I've been pleased that, in the last month, the 321 video has been shared so widely. It's meant that I've been able to interact online with a handful of people who have raised questions about the presentation. I'd say the reservation people have had is this: "Where's repentance?" In fact it's pretty much the only objection I've heard so far.
I was bracing myself for Trinitarian discussions. I was gearing up to present robust defences of Adam's historicity. None of that has come up. Yet.
But a good 8 or 10 times someone has said "This is a deficient gospel because there's no summons to repent."
There are a number of ways to respond to this. One is simply to say "This is only a 5 minute summary. You can't say everything."
Another is to say "the word 'repent' is not magic. John's Gospel, for one, gets along fine without it."
Another is to say: "Repentance is not, properly speaking, a part of the good news. The good news is the announcement of Jesus - His dying, rising, enthronement and return. The gospel is not about us, it's about Him. Repentance is the response to the good news."
Those things are true and they need saying at some point. But in most cases I've responded with a question of my own. Roughly speaking I've asked "Since 321 presents humanity as lost in Adam with no spiritual life in ourselves and no ability to produce life... and since the new life is presented as coming entirely from beyond us in Jesus... and since the new life of Jesus is presented as an all-embracing, marriage-like oneness with Jesus... what does the command to "be one with Jesus" lack which using the word "repent" would add?"
I've asked that kind of question many times but I've not yet received an answer. So let me ask it more generally...
If we proclaim the renunciation of self in Adam and the receiving of new life in Christ, what more do we want in our definition of repentance?
I know that no-one in these discussions wants to question salvation by "faith alone." But I do fear that - in wanting something more - 'faith alone' is exactly what's in jeopardy.
In some evangelistic presentations I see a desire to present salvation as a discrete series of steps. There tend to be a sling of synonyms made into stages. The unbeliever is told to confess and profess and turn and surrender and trust and repent and submit and admit and believe and commit and do. It's not the seven sacraments of the Catholic Church. It's more stream-lined than that. And it's about internal, mental hoops to jump through. But still, so often it's a system we offer to people rather than the simplicity of offering the Son.

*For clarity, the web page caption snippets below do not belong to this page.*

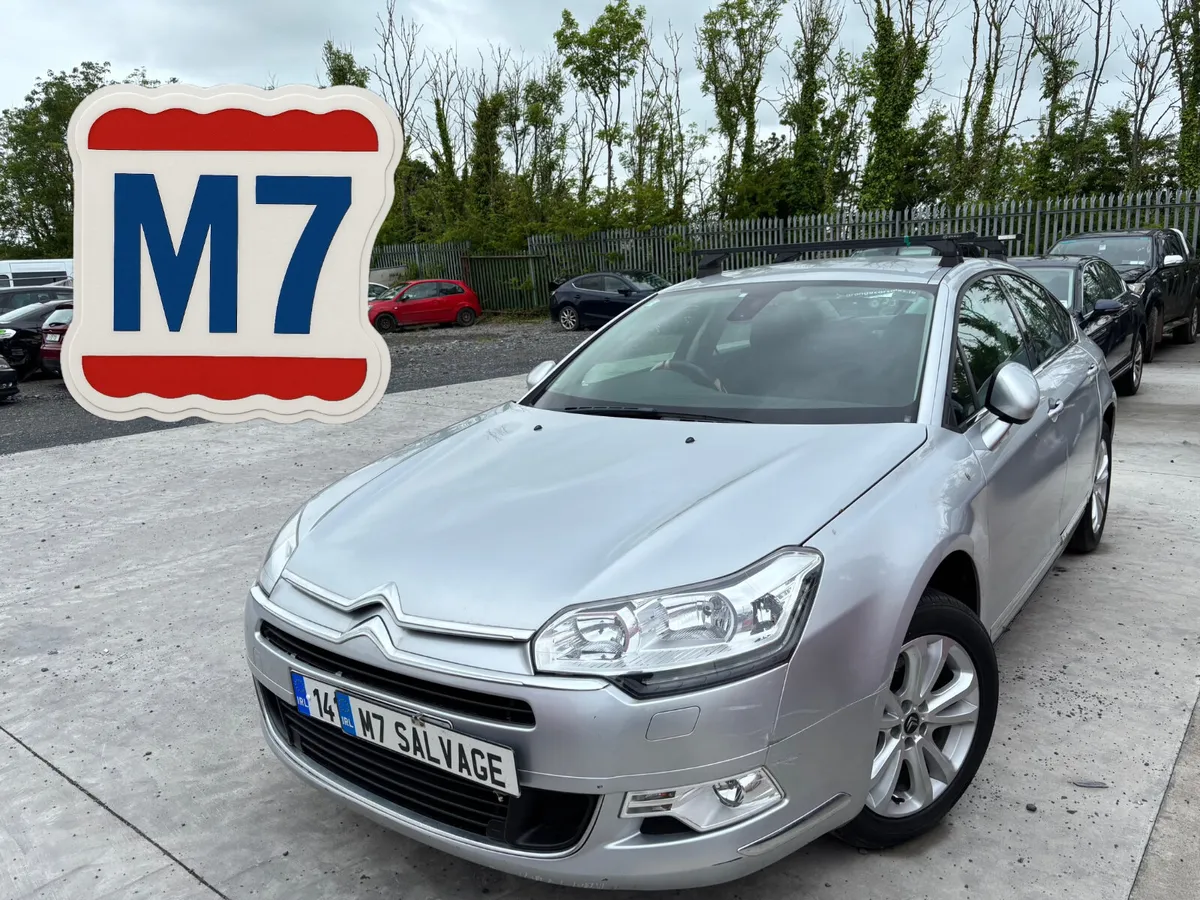 14 Citreon C5 Hdi NCT 6/26 100k miles Drives - Image 1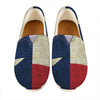 Texas Flag Print Casual Shoes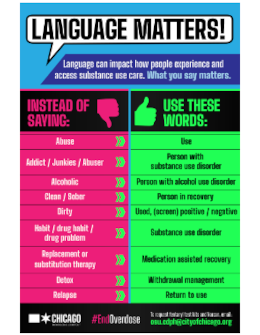 Naloxone Trifold Handout - Opioid Safety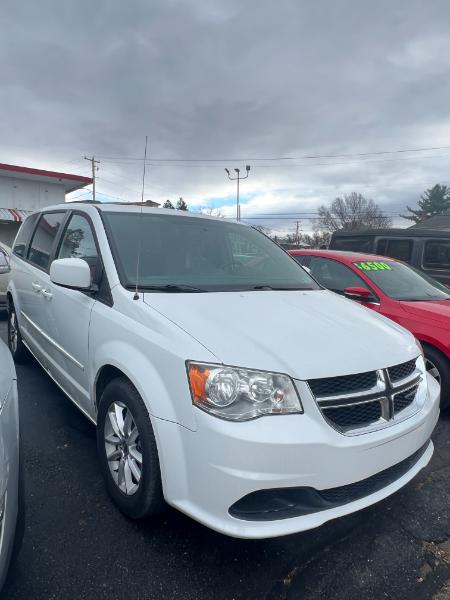 Dodge Grand Caravan SXT 2014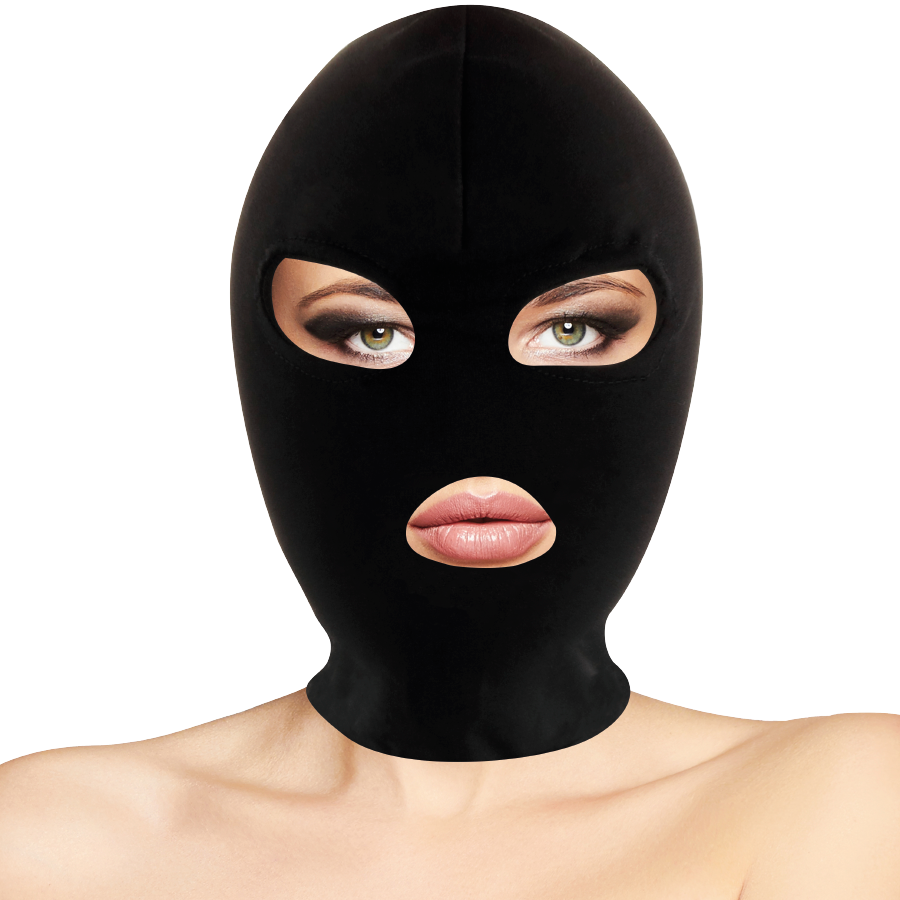 Darkness Subversion Mask Black - UABDSM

Have you ever heard a "close the deal" evangelistic talk in which Jesus Himself is not presented or offered? Perhaps the preacher has simply piled up illustration upon illustration - "There's a line... cross the line. Jesus has given you a cheque... bank the cheque. In the Matrix there's a red pill and a blue pill... which pill will you take?" What might begin as a call to "simply trust Jesus" becomes an exhortation to adopt this attitude or that, this resolution or that, and then... Well the thing is, when repentance is this discrete thing then the sinner who repents is only really left with their discrete repentance. They've "made the step", or whatever, but they're in great danger of leaving the meeting with a resolution not a redeemer.
All of which is to say - Offer Christ. The new life is in Him. And if a non-Christian hears this offer and says "I'm not sure I have it in me to repent", tell them:
"You definitely don’t have it in you. But God has given it to you in Jesus. Have Him!"